DESCRIPTION OF THE TASK
If a line in the material below has the string "sale", copy it out.

AVAILABLE DATA
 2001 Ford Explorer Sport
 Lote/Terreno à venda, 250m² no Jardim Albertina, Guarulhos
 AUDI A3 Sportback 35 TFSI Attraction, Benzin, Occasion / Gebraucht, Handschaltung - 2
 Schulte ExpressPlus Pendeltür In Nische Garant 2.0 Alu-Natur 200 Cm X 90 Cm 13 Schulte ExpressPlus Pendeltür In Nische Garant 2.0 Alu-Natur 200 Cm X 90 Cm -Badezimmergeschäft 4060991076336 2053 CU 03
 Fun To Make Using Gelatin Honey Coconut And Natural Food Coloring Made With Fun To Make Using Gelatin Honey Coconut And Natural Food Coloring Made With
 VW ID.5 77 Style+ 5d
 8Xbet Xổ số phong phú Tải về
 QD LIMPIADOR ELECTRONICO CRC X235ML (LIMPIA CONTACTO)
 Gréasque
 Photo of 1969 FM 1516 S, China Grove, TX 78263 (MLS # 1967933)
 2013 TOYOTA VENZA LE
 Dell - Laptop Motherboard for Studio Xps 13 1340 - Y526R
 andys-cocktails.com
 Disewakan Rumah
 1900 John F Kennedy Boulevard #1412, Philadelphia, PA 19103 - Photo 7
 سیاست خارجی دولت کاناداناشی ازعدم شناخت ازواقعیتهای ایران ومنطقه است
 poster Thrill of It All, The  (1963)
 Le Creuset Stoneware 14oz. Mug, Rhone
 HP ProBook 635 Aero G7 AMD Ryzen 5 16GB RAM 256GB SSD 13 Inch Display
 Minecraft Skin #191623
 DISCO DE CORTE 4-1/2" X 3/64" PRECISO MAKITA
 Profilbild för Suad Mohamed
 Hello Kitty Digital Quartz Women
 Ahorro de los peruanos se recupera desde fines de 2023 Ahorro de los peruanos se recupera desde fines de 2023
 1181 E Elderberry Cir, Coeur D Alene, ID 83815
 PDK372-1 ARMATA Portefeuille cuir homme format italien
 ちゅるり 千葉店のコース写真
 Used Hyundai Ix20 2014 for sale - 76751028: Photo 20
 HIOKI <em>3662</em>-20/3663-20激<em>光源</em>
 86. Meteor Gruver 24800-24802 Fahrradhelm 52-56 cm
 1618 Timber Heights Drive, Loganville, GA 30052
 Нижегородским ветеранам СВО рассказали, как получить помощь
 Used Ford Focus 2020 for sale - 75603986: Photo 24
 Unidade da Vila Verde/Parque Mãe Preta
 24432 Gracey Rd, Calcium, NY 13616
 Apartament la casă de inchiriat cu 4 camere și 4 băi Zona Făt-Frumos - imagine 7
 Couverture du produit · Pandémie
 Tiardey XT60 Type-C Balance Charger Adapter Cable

RESPONSE TO THIS TASK
 Used Hyundai Ix20 2014 for sale - 76751028: Photo 20
 Used Ford Focus 2020 for sale - 75603986: Photo 24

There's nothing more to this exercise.